A widely circulated report prepared by the Centre for Internet and Society (CIS) on the Aadhaar Act and its non-compliance with data protection law in India underlined the major flaws in the 2016 Aadhaar Act, that makes it vulnerable to several digital threats.

Moreover, CIS also reported how government websites, especially "those run by National Social Assistance Programme under Ministry of Rural Development, National Rural Employment Guarantee Act (NREGA) run by Ministry of Rural Development, Daily Online Payment Reports under NREGA (Governemnt of Andhra Pradesh) and Chandranna Bima Scheme (also run by Government of Andhra Pradesh) combined were responsible for publicly exposing personal and Aadhaar details of over 13 crore citizens".

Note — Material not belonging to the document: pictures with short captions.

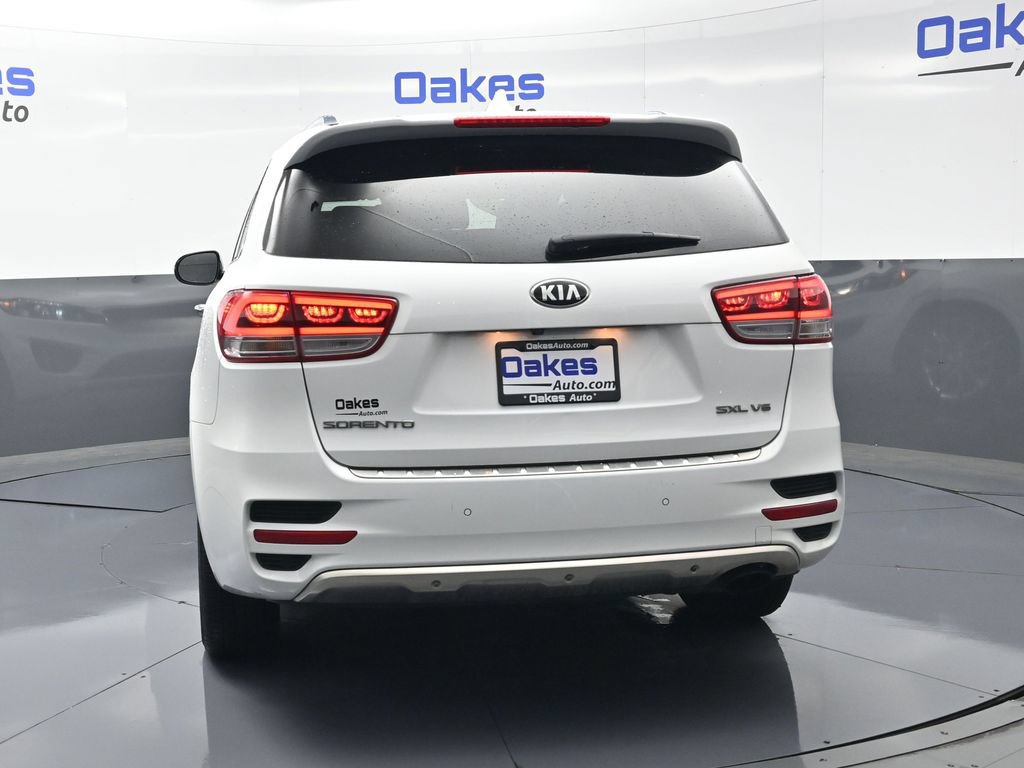 Used 2016 Kia Sorento SX w/ SXL Technology Package AWD/4WD image 6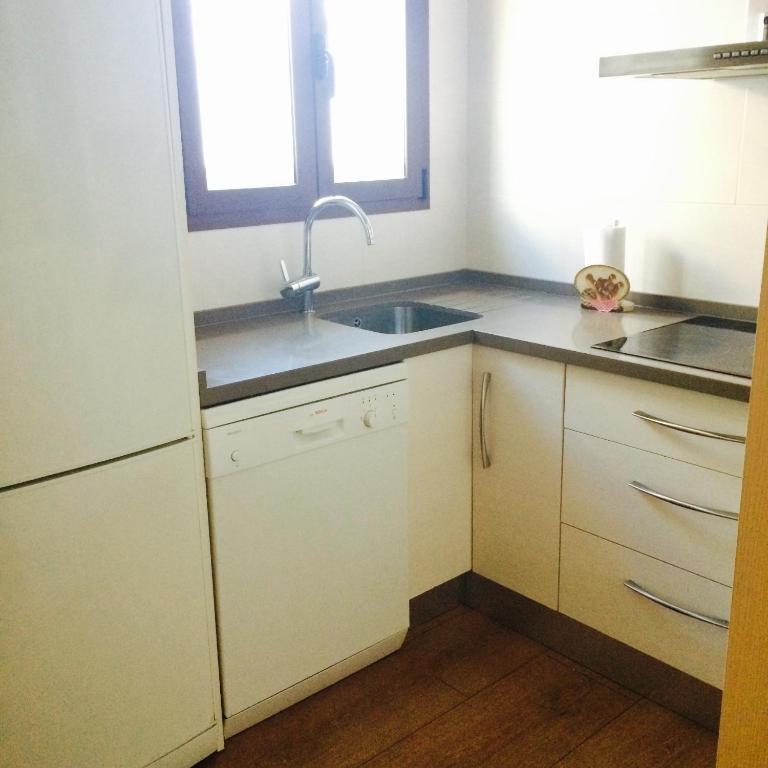 Precioso chalet con jardín en Chiclana - Three-Bedroom House - 16
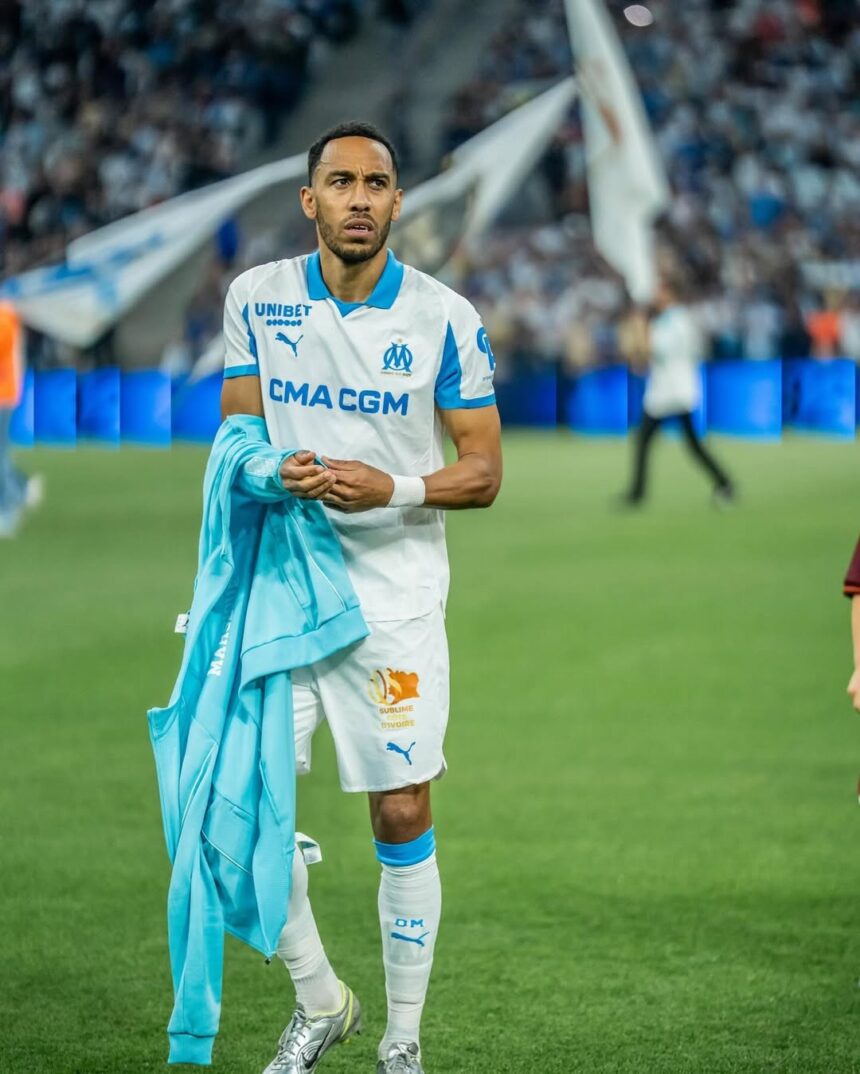 aubameyang-e-suspenso-por-clube-frances-apos-disparar-extintor-de-incendio-em-funcionario;-entenda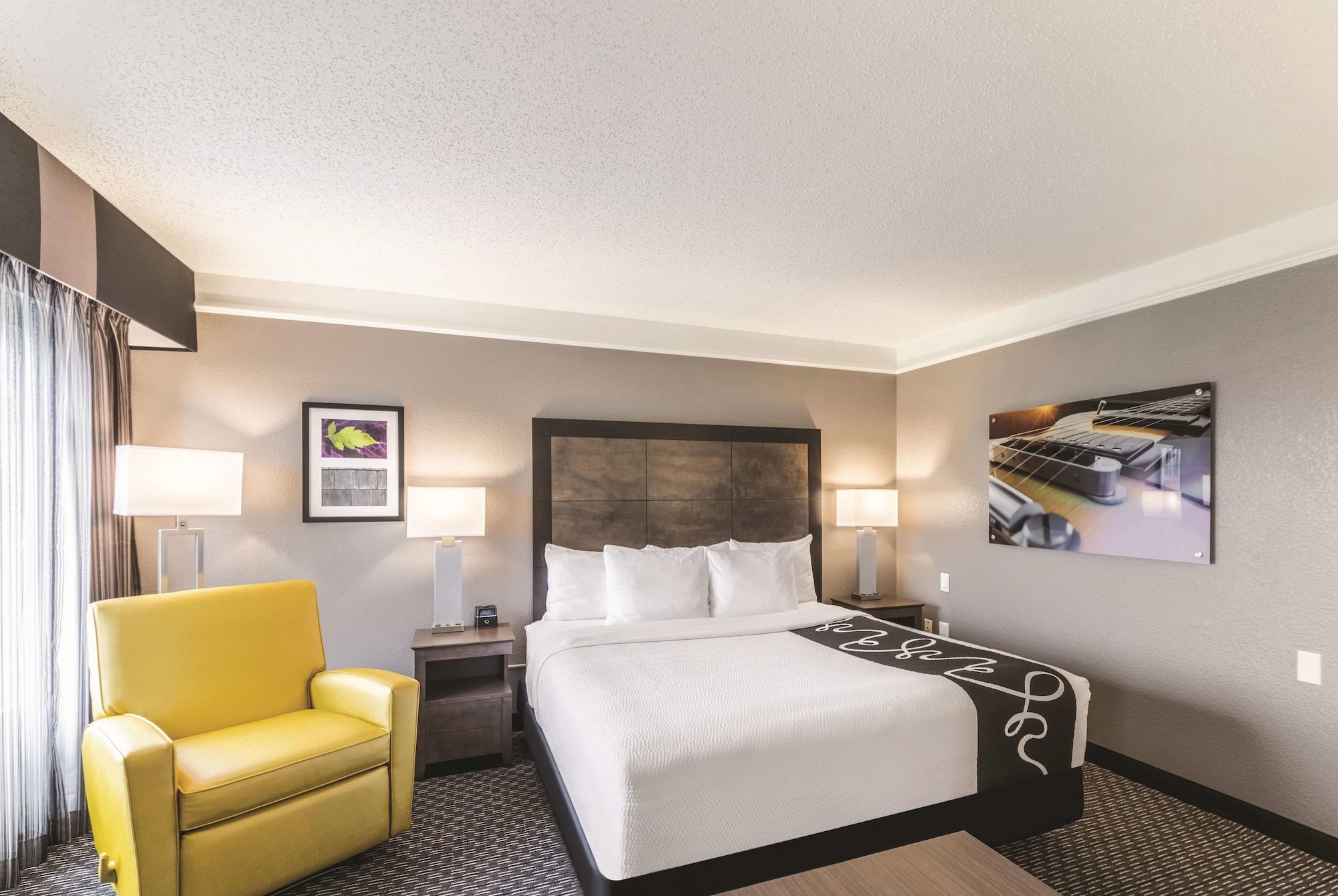 Room, King Bed, Pool or Courtyard View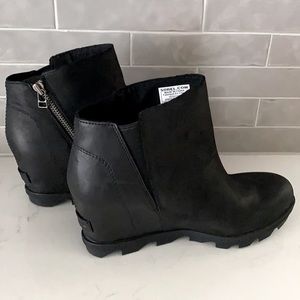 Joan of Arctic II Waterproof Wedge Boot Black-10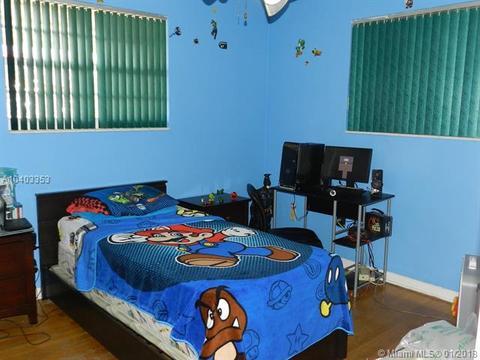 525 E 55th St, Hialeah, FL 33013 photo 7
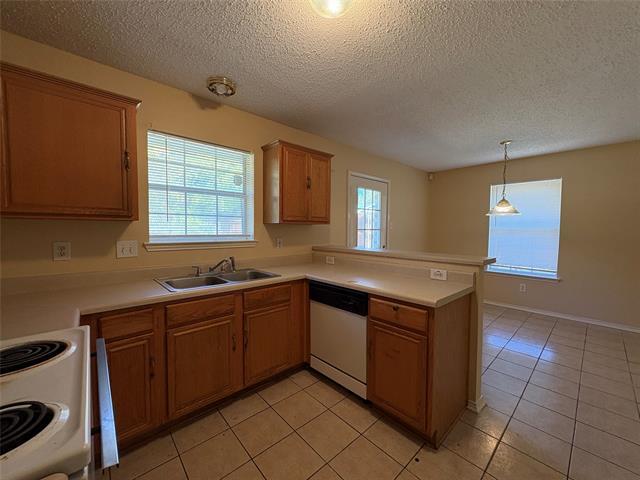 Building Photo - 2737 Gant Dr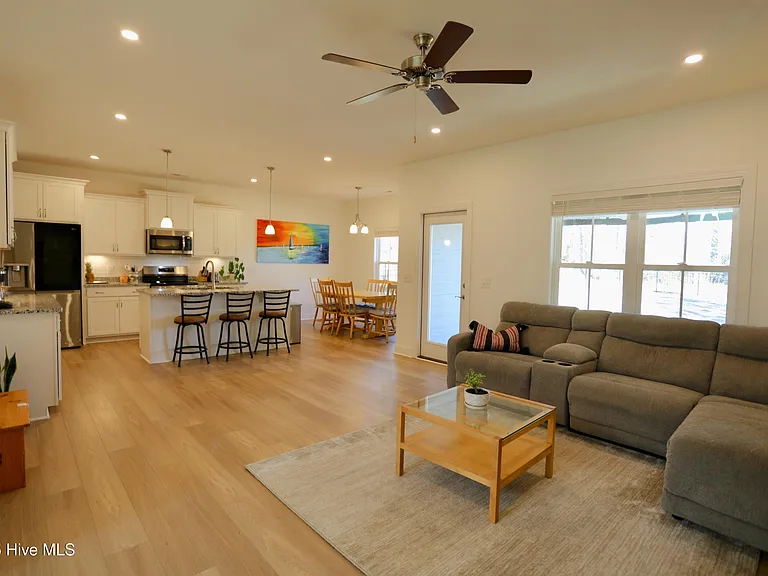 100 Falkirk Ct — Photo 10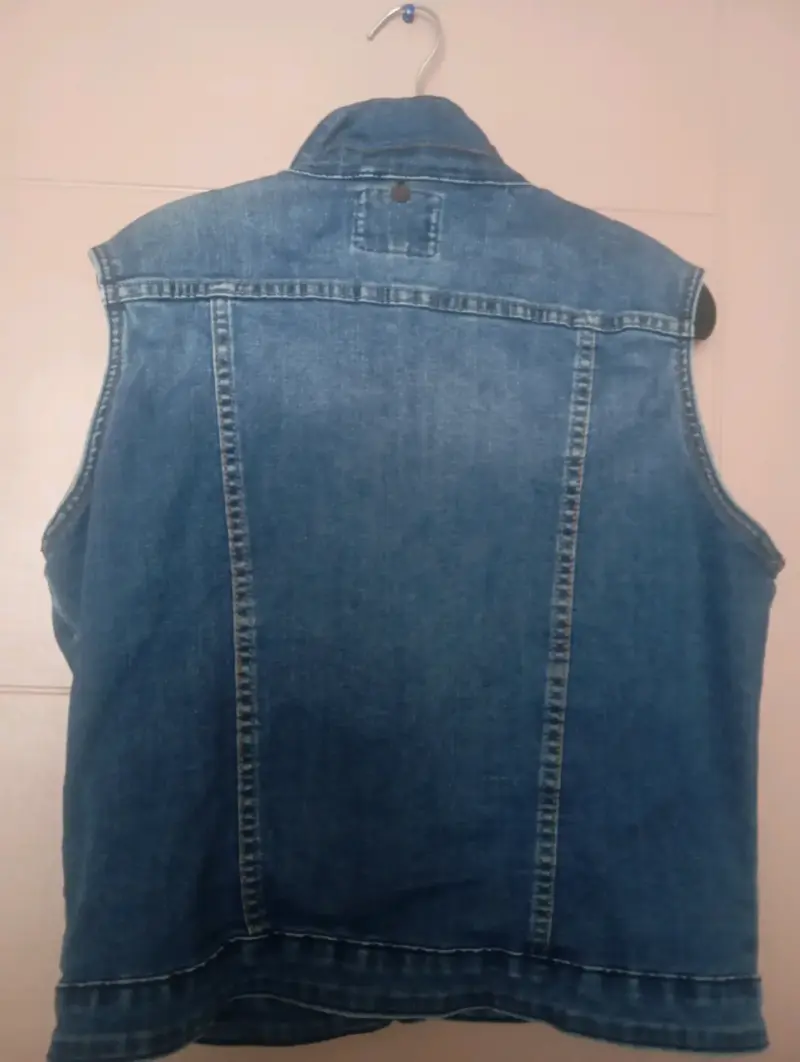 Chaqueta de mezclilla sin mangas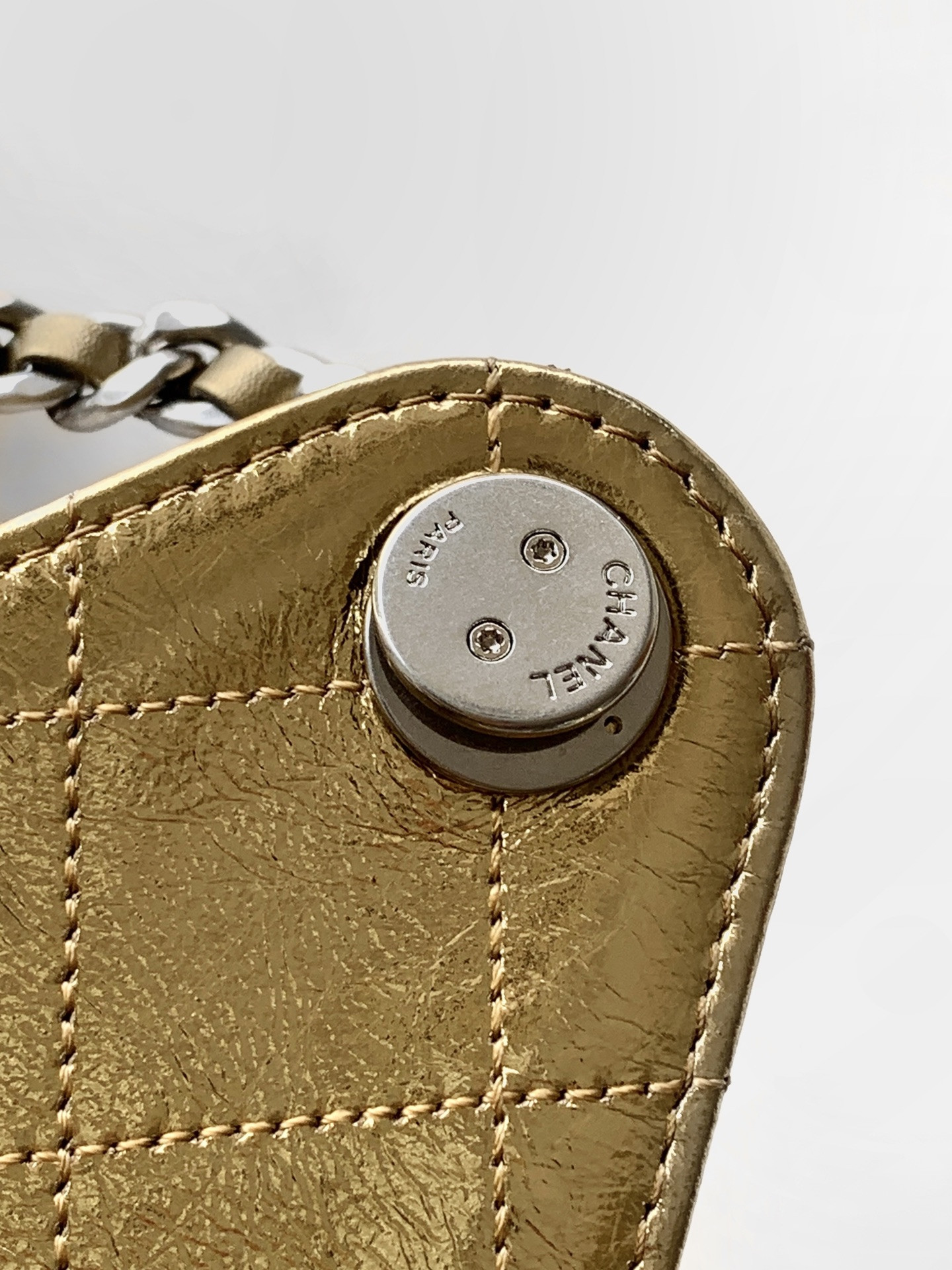 Ch*el 25c bucket bag 26x30x14cm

The government has been rather lackadaisical about the grave security threats posed by India's shaky digital infrastructure, saying it's robust when it's not: the UIDAI itself has been brushing the allegations of exclusion, data breach and leaking of data from various government and private operators' servers and there have been several documentations of the security threat as well as the human rights violations that the digital breaches pose for India's institutions and its citizens.

As noted welfare economist Jean Dreze says, "With Aadhaar immensely reinforcing the government's power to reward loyalty and marginalise dissenters, the embers of democracy are likely to be further smothered."

Even as India's jurisprudence held privacy and autonomy as supreme, Indians remain vulnerable to institutional failures and an abject lack of awareness on the gravity of digital destabilisation.